== Input ==
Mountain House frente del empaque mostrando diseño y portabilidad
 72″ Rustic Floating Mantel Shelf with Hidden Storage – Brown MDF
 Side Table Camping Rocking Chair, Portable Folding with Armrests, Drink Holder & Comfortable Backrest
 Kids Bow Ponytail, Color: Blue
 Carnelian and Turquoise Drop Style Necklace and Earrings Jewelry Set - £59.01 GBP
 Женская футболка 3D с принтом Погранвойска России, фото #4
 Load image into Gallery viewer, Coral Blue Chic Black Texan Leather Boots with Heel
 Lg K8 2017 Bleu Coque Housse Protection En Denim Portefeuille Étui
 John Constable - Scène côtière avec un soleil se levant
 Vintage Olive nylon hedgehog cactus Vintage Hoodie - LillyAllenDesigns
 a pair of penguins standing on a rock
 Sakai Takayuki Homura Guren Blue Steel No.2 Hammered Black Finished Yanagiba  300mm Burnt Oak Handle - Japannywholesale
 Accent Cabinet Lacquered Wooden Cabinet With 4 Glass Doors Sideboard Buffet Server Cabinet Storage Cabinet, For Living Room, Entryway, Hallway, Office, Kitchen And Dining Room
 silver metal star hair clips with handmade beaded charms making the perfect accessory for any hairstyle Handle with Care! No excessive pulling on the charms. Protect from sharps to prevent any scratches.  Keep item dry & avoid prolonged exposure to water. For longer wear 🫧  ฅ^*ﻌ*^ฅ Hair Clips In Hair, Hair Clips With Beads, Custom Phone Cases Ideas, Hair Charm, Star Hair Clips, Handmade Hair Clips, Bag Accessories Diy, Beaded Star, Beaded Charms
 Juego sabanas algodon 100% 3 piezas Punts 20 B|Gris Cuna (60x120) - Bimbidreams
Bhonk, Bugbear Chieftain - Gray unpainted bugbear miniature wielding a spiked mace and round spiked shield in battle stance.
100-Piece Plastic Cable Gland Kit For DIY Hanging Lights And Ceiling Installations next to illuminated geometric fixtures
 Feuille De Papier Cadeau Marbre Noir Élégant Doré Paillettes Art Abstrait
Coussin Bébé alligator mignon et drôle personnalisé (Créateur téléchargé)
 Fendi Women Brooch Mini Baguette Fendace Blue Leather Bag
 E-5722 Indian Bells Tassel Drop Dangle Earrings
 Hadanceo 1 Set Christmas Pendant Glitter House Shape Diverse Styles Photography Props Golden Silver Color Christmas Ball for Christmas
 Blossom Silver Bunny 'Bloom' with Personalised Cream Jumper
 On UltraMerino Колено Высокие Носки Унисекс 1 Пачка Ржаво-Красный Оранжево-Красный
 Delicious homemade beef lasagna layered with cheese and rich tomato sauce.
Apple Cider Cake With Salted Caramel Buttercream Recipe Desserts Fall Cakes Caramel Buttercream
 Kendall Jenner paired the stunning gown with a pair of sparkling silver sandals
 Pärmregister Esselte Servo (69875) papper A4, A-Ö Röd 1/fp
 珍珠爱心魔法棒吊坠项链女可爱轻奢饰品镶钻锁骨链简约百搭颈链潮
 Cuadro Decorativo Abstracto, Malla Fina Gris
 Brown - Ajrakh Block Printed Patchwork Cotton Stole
===
▶ [Assigned task]:
Would you copy out each line of the records above where the word "pair" occurs?

▶ [Reply]:
 a pair of penguins standing on a rock
 Kendall Jenner paired the stunning gown with a pair of sparkling silver sandals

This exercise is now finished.